Why is Kasich Unpopular Among Defense Contractors?
On Monday, January 4, I was the second person to ask Ohio Governor John Kasich a question during his town hall meeting in West Des Moines, Iowa. I began my question with President Eisenhower’s warning five decades ago about the influence of the military-industrial complex.
I asked, “With Pentagon spending consuming half the discretionary budget, what specific steps would you take to ensure that corporations that are profiting from a bottomless appetite for more missiles, subs, planes, and bombers, are not having too much influence in politics?”
Gov. Kasich addressed the issues of having a strong national defense, Russian air defense systems in the Middle East, then shifted towards special interest groups and his Congressional experience in limiting B-2 bomber production from 132 to 20 during the height of the Cold War.
“Back to the simple question of how does special interest work,” Kasich said. “See I think people in the country think the whole system is bogus. That’s where this anger comes from. You know if you’re rich, if you have a lobbyist, if you’re powerful and you get want you want and I’m just a regular old person and I get the shaft. Okay, I gotta tell ya, I understand why people feel that way and sometimes it’s true. It ain’t true with me. It isn’t true in my state. It wasn’t true of me when I was in Congress and I’ll give you a perfect example.”
Kasich continued, “When I was a Congressman, I went to a briefing on a thing called the B-2 bomber. The Pentagon wanted to buy 132 of them and when I saw what the mission was, which was to fly into the middle of the Soviet Union in the middle of a nuclear war and drop more nuclear weapons, I was like I don’t know why we need to do that. You know, a couple nuclear weapons will ruin your whole day, right?
“So, I worked to limit the production of the B-2 bomber. I proposed 13, the Pentagon wanted 132. All the defense contractors and sub-contractors all across the country were for the system. And they spread the system out so all parts of the plane were built in a different part of the country to protect their ability to protect that program. So I spent 10 years trying to limit the production of that plane.
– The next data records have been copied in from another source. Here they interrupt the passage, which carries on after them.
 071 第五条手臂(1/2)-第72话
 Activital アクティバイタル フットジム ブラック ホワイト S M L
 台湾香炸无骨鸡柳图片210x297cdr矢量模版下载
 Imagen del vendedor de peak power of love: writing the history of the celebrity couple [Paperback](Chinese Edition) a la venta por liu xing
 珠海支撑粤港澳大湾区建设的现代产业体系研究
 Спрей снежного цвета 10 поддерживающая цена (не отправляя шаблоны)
“How popular do you think I was with the defense contractors? Okay, I wanted to take the weapons, the money, and I wanted to put it in standoff weapons which would still strengthen the United States but would do it in a different way. At the end of the day, I negotiated 20. So the Pentagon went from 132 to 20 and I went from 13 to 20. Who won?
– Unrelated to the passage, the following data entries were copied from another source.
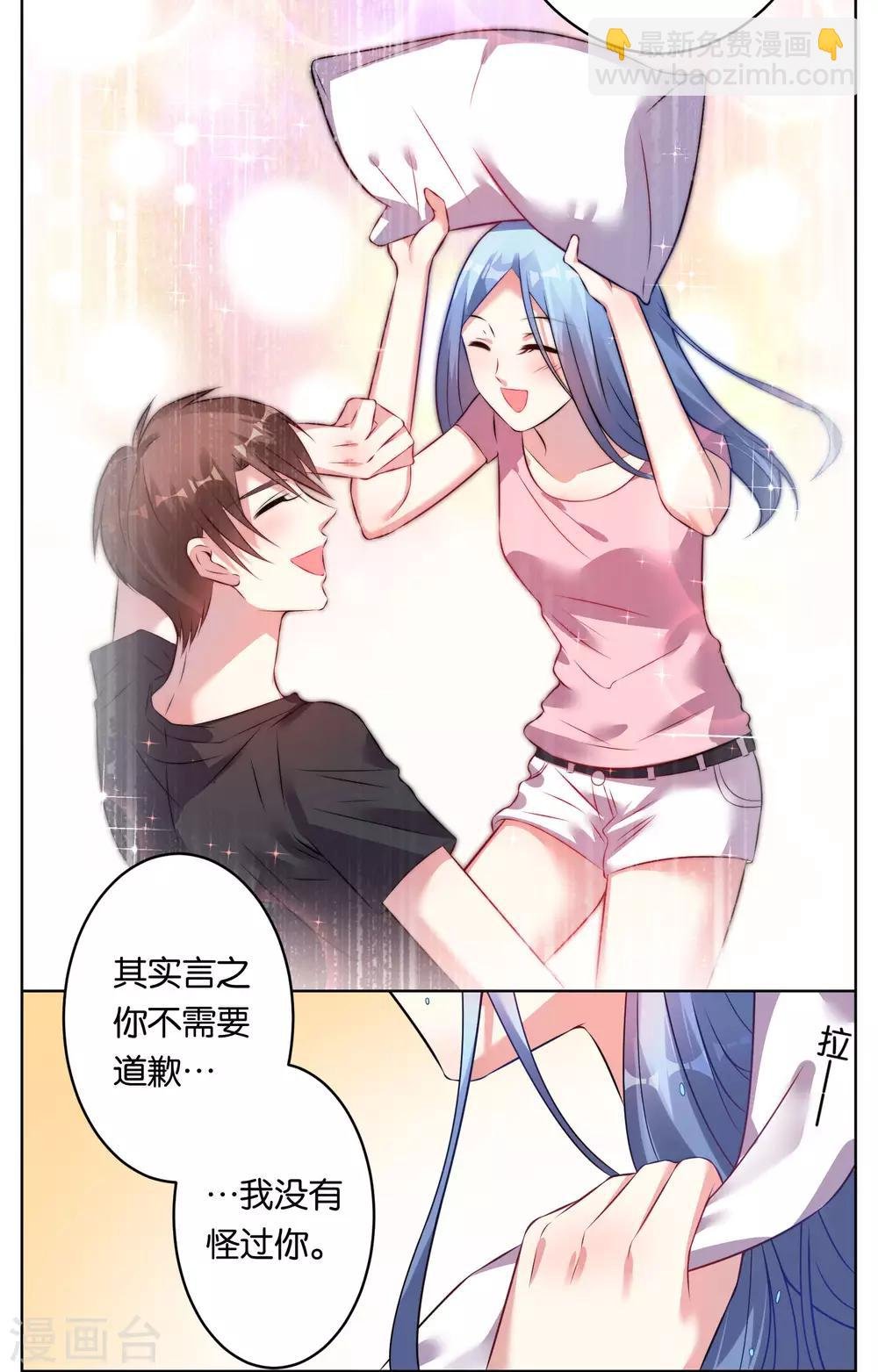 第66话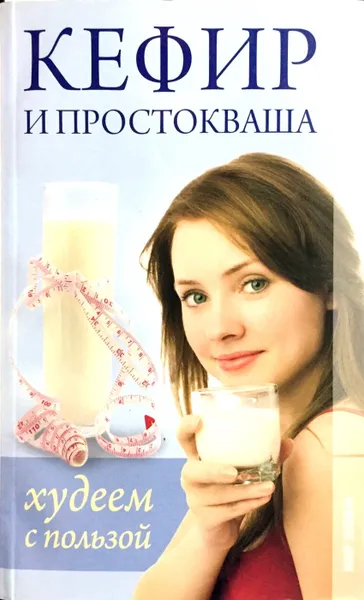 Обложка книги Кефир и простокваша. Худеем с пользой, В.Р. Хамидова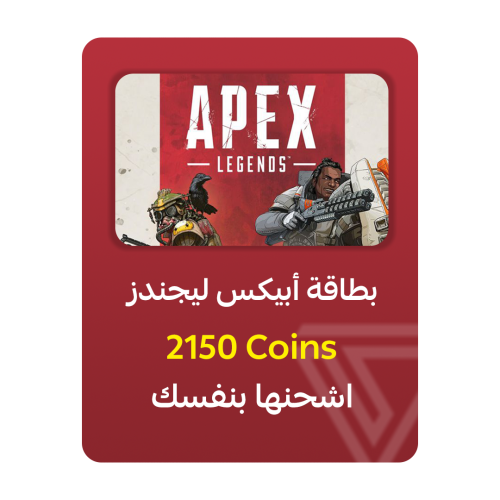 بطاقة أبيكس ليجندز - فئة 2150 Coins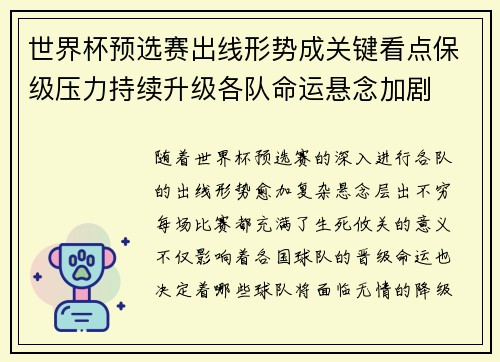 世界杯预选赛出线形势成关键看点保级压力持续升级各队命运悬念加剧 世界杯预选赛出线形势成关键看点保级压力持续升级各队命运悬念加剧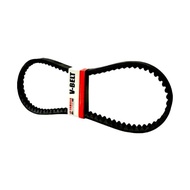 Vbelt Nmax 2020 (B8R-E7641-00)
“Now how much money do you think I raised from defense contractors? But that’s not the issue. The issue is you go, you do the right thing, and I’m going to tell you this, we need to rebuild our defense. But we don’t need to rebuild it by doing things that just put money in somebody’s pocket and I’ve never done that in my lifetime.”
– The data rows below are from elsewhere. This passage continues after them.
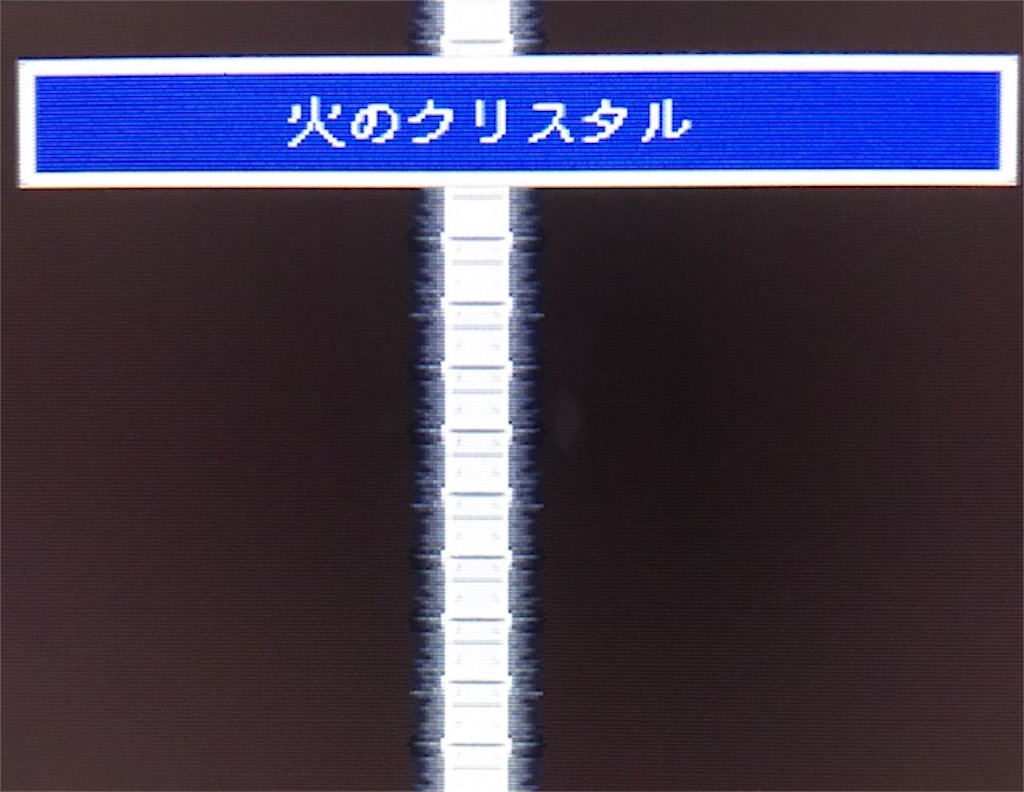 f:id:akirapuch:20200825111435j:image f:id:akirapuch:20200825111435j:image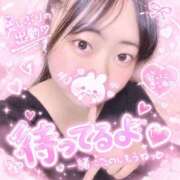ヒメ日記 2026/09/27 11:40 投稿 ゆりな つまみぐいイケちゃいますよ！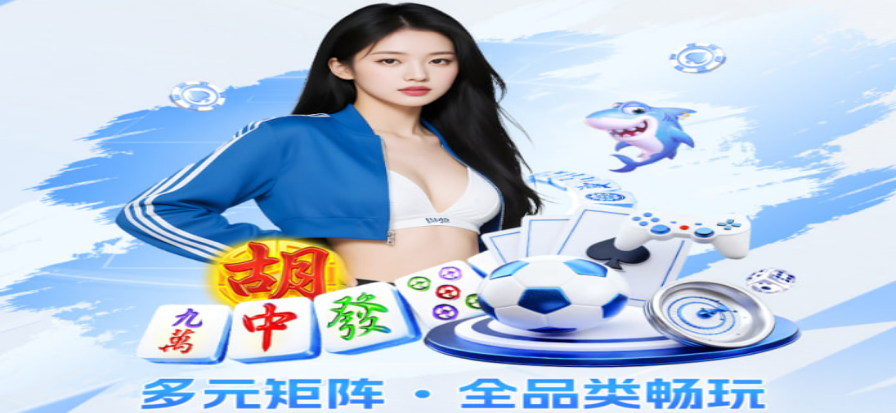 三公游戏牌桌玩法科普示意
While finishing his answer to my question, Gov. Kasich discussed his similarities with Iowa Senator Chuck Grassley claiming both are independent from outside influence, saying “Nobody tells him what to do. Nobody tells me what to do.” Some of Gov. Kasich’s response to my question also appeared in The Des Moines Register, The Gazette (Cedar Rapids, IA), and the Globe Gazette (Mason City, IA).